--- DATASET CONTENT Enclosed Below ---

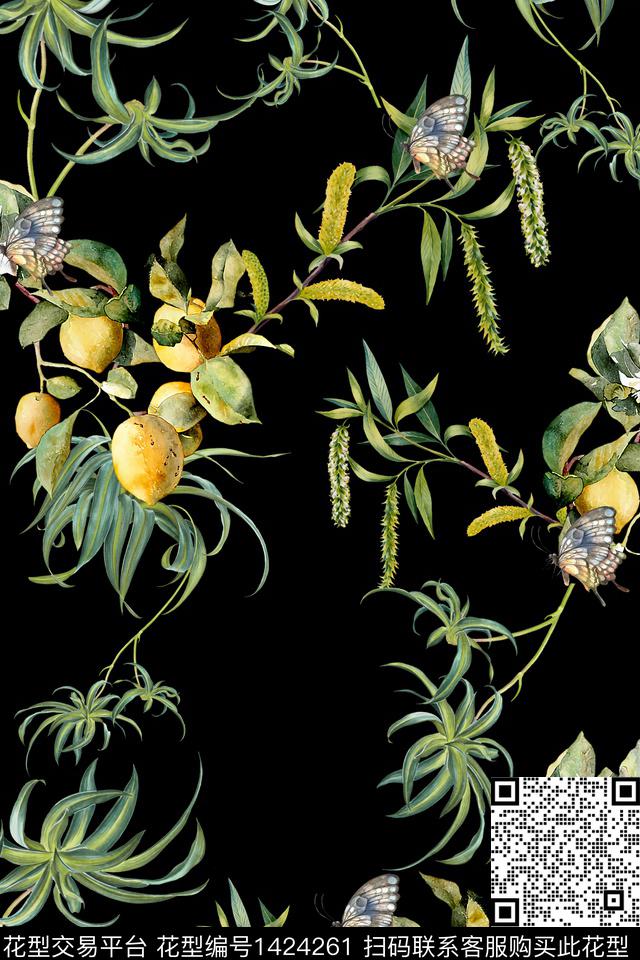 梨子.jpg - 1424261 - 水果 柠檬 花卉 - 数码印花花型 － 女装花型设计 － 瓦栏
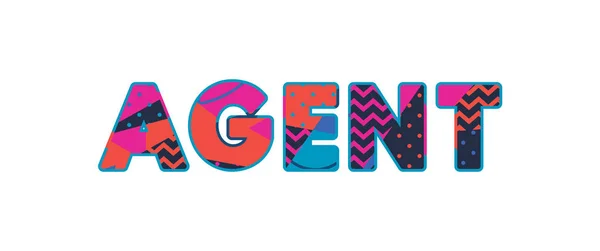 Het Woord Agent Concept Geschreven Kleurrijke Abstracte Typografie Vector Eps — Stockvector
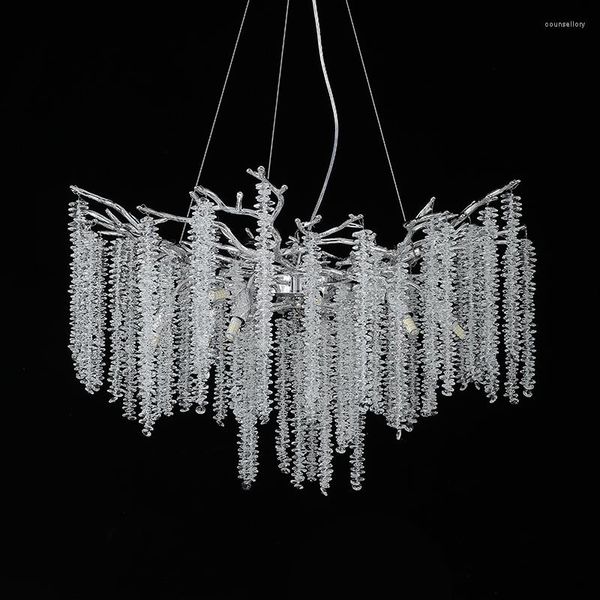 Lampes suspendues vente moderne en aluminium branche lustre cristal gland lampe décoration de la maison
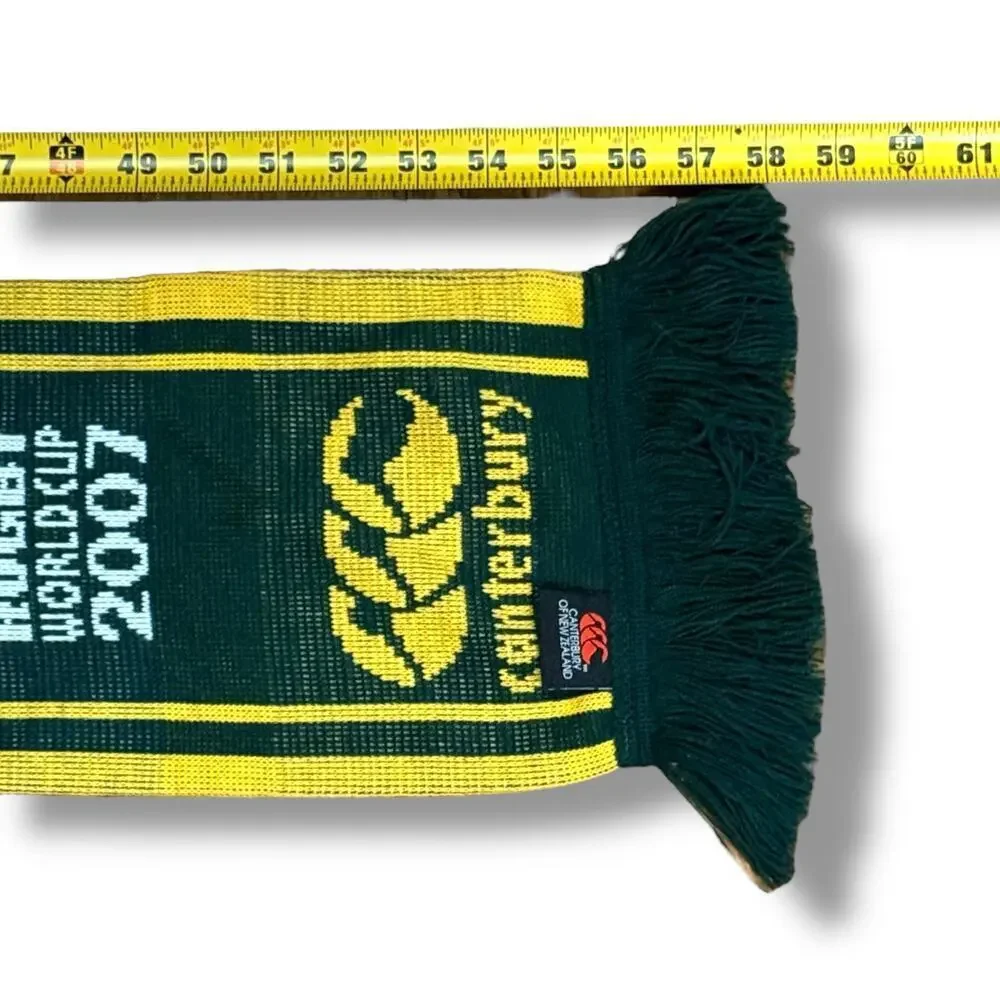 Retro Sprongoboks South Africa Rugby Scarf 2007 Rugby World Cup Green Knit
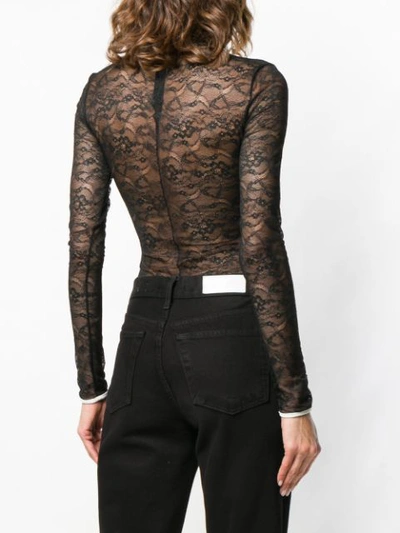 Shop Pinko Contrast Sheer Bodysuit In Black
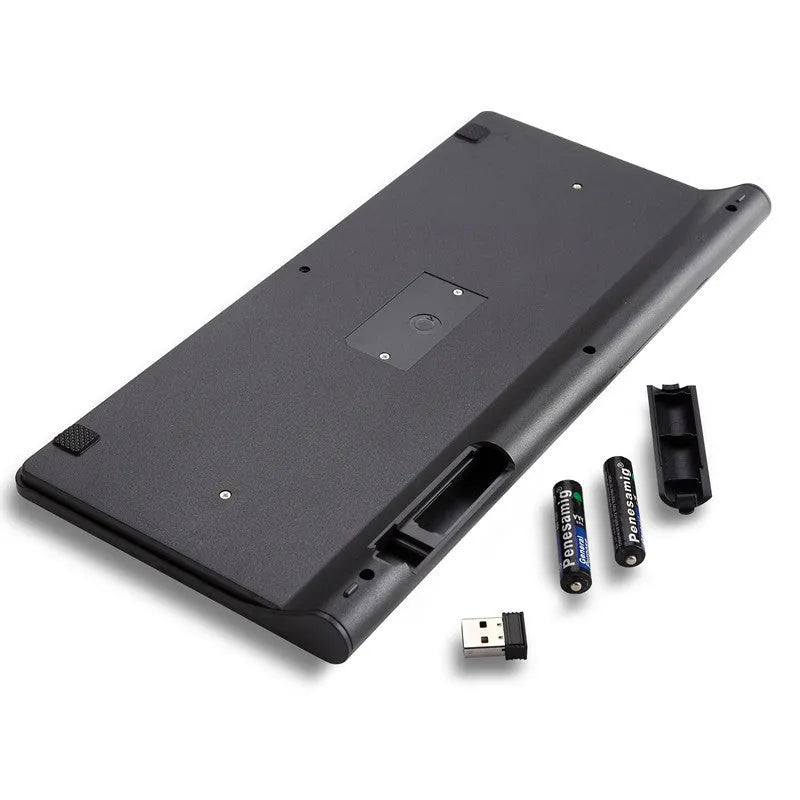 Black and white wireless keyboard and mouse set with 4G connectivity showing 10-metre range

--- End of Enclosed DATASET CONTENT ---

-- PROBLEM TO SOLVE --
Quote exactly, and only, the lines from the one containing "Retro Sprongoboks South" through the last line of the records above, both included; leave out any pictures.

-- ANSWER TO THE PROBLEM --
 Retro Sprongoboks South Africa Rugby Scarf 2007 Rugby World Cup Green Knit
 Shop Pinko Contrast Sheer Bodysuit In Black
 Black and white wireless keyboard and mouse set with 4G connectivity showing 10-metre range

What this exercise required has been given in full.